While technologies have evolved, and user expectations have changed – particularly with more applications accessed from different platforms – there has been a growing need for additional capabilities and tools used for different parts of the lifecycle to be able to easily and seamlessly share information between stakeholders.
The future of requirements management is a comprehensive and all-in-one integrated ALM platform that supports several lifecycle management activities including:
- Requirement Management
- Bug & Issue Management
- Traceability Management
- Change Management
- Risk Management
- Test Management
- Collaboration Management
- Certification Management
- Report Management
- Quality Management
- Configuration Management
Another trend in ALM adoption in the past decade is organizations have been transitioning from a product to a service approach. This has prompted ALM companies to expand the scope of their offering to integrate the product development as part of a wider offering, which includes data centers, telemetry and automated billing – all traditionally disconnected areas that are now bundled together.
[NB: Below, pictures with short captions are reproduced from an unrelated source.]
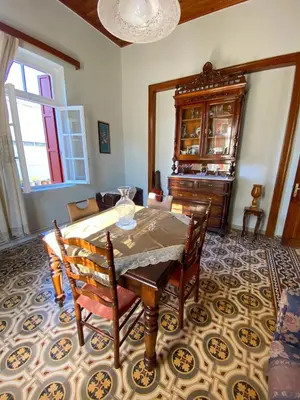 a dining room with a table and chairs in a room at THE NEOCLASSICAL Garden House in Chania Town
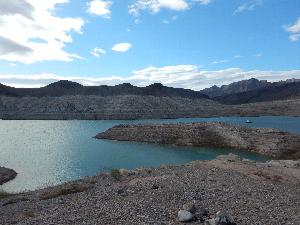 The image depicts a portion of the Echo Bay area near the location of the proposed launch ramp and access road. This image shows an overview of Lake Mead waters, eroded shorelines, and adjacent mountains. The light-colored rings on the mountain side demonstrate previous water levels.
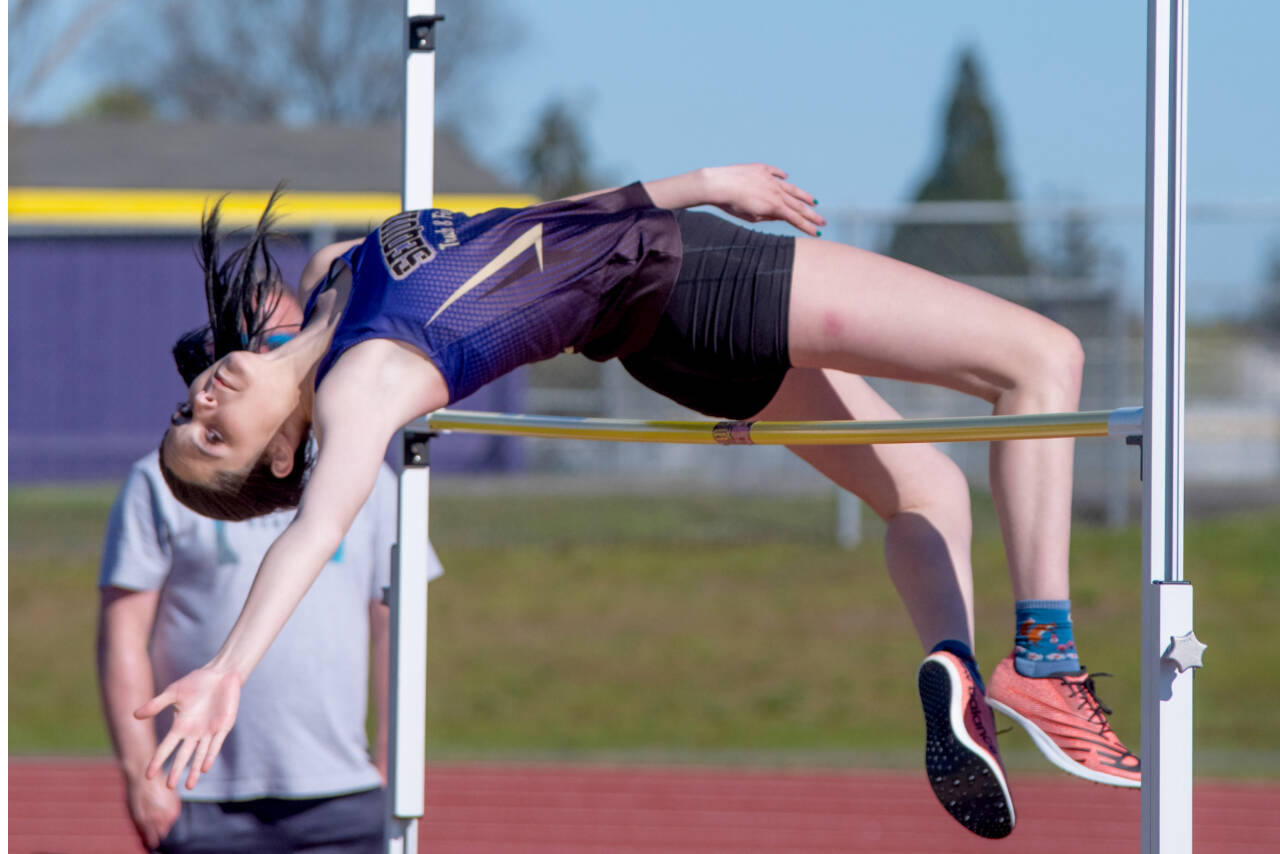 Sequim's Clare Turella competes in the high jump in Thursday's meet in Sequim. (Emily Mathiessen/Olympic Peninsula News Group)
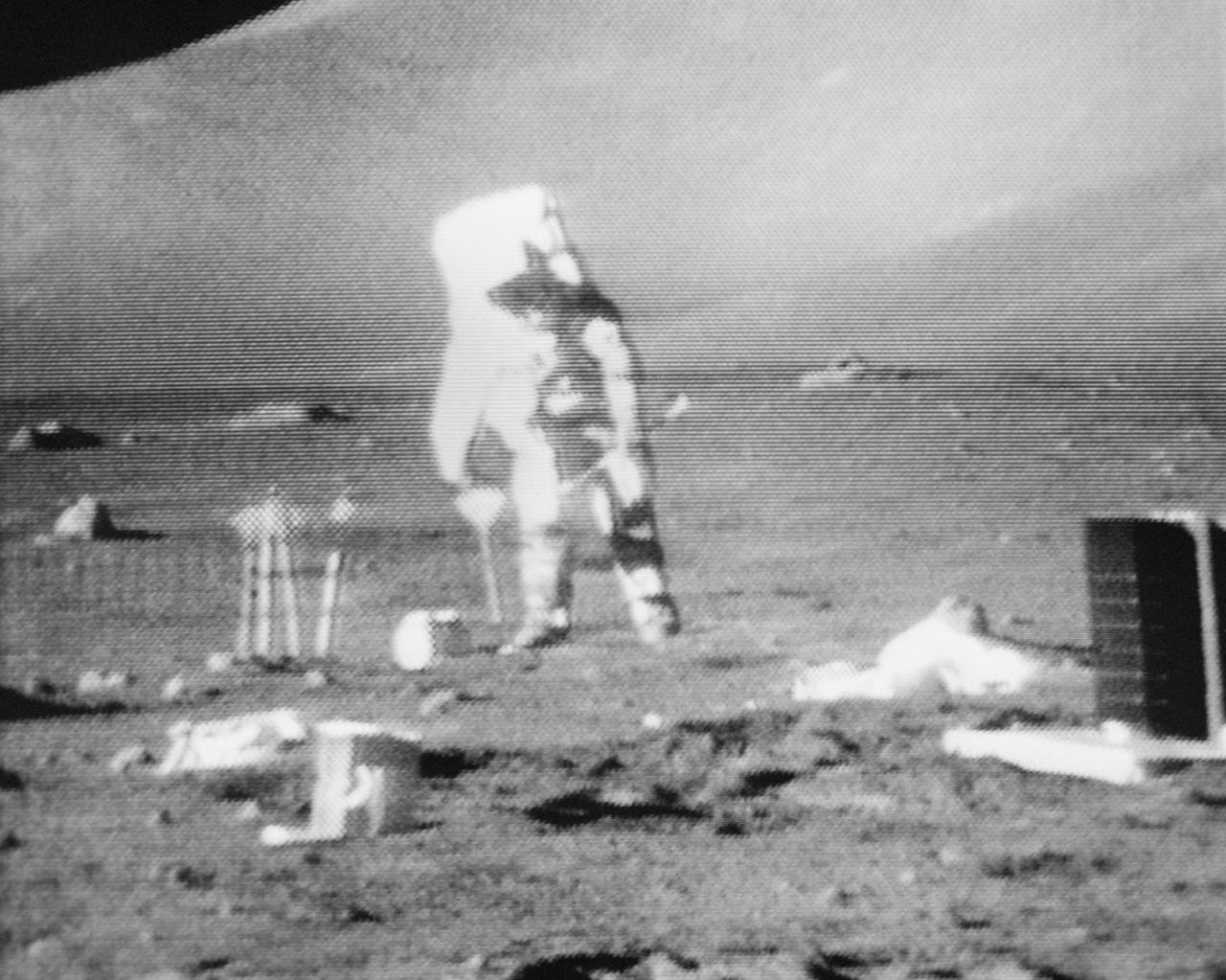 S72-55065 (11 Dec. 1972) --- Scientist-astronaut Harrison H. Schmitt is seen anchoring the geophone module with a flag during the first Apollo 17 extravehicular activity (EVA) at the Taurus-Littrow landing site, in the black and white reproduction taken from a color television transmission made by the color RCA TV camera mounted on the Lunar Roving Vehicle. Schmitt is the lunar module mounted on the Lunar Roving Vehicle. Schmitt is the lunar module pilot of the Apollo 17 lunar landing mission. Astronaut Ronald E. Evans, command module pilot, remained with the Apollo 17 Command and Service Modules in lunar orbit while astronauts Schmitt and Eugene A. Cernan, commander, descended in the Lunar Module to explore the moon. The geophone module is part of the Lunar Seismic Profiling Experiment (S-203), a component of the Apollo Lunar Surface Experiments Package (ALSEP). Other ALSEP components are visible in the picture.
The requirements management industry needs to be able to deal with the complexity of representing all this information in a relevant way to each one of the stakeholders, whether it’s a marketing team, a software developer or a regulatory authority. This means providing very simple and easy-to-use interfaces that any user can relate to, but at the same time, is totally integrated with the rest of the areas in the organization.
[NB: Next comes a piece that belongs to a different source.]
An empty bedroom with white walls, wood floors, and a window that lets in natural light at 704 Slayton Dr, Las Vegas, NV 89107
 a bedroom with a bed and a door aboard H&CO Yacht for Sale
Looking into the very near future, requirements management tools will be an important part of an integrated environment that will bring together different disciplines such as agile and useful model-based systems engineering. This will bring flexibility to organizations, and also provide powerful tools to automate traceability throughout the lifecycle (example with Requirement Traceability Matrix). Meanwhile, AI will bring data insights on potential conflicts in conception and design, as well as propose ways to complete specifications.
The integration of these new technologies and disciplines is expected to result in a new level of demand for powerful ALM tools that better facilitate shorter time-to-market and development costs, compliance with standards and regulations in safety-critical markets, and consistent high product quality.
While some organizations are beginning to adopt these new integrated ALM tools in order to innovate systematically and stay competitive, others are being pushed aside by simply not being able to adapt quickly enough to the new technologies arising.
In order to accelerate and scale innovation – especially in the embedded systems and system engineering industries – requirements management must continue to be a priority for product development teams. The wave of the future is a single Requirements ALM platform that is capable of supporting different development lifecycle processes, and factoring all aspects of systems engineering development, including product software, embedded software, electrical, mechanical and hardware requirements, and enterprise IT development.
We will see more innovative and disruptive Requirements ALM technology in key functions, system performance, and solution economics for lifecycle management, enabling companies to better define and validate business needs, reduce development costs, comply with market standards, and deliver more high-quality products on time.